The problem we have here is decode-csv - now we can't give it a type to do compile time type reflection for mapping CSV columns in to an object. That's a big loss. We don't want to lose that. We also lose the ability to see that we're "flowing" information from socket to a select filter. We're just sending messages to an object and they could be configuration or who knows what. In this case it's not clear we're wrapping the socket and then the utf8decoder.
In some ways having less API is beneficial sometimes. Let's rewind:
stream := {UTF8Decoder | source: socket}.
people := {CSVDecoder[Person] | source: stream}.
of-age := {Filter | source: people, op: [age ≥ 18]}.
of-age count print> stdout.
In many ways this is a much simpler program to reason about. You don't have to go hunting for explanations of APIs. You don't need to know what map> means. We should try and prefer a solution that has less boiler plate, always, but remains clear and produces an efficient result. This approach ticks those boxes.

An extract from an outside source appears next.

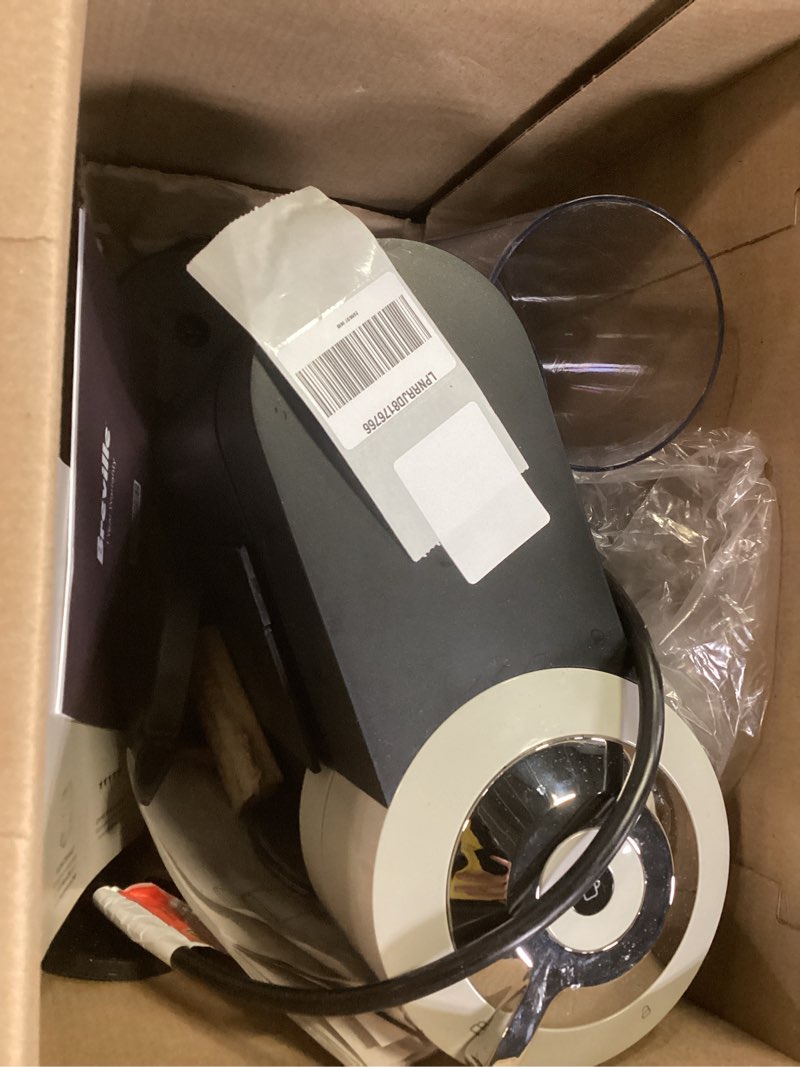 Condition photo showing As Is for nespresso vertuo next coffee and espresso maker by breville, light grey machine only gray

The {Filter|} seems a bit heavy weight. But it's also clear that it's the same as all the other steps. For now I will err on the side of caution and clarity and say that this approach is the superior approach.
May be not for brevity but definitely for clarity.
The question to ask then is "What do we do often?" - those need brevity; while the rest need clarity. Configuring a stack for the io is something you don't do often. But working with arrays of objects is something we do a lot.
people := {CSV[Person] | source: {UTF8 | source: socket}}.
people select> [age ≥ 18] print> stdout.
And that's where we end for now. A combination of clarify and brevity. Where we get people from can be anywhere. An array in memory, a database, a socket like in this example. It doesn't matter; which is where we draw that line between convience methods and infrastructure.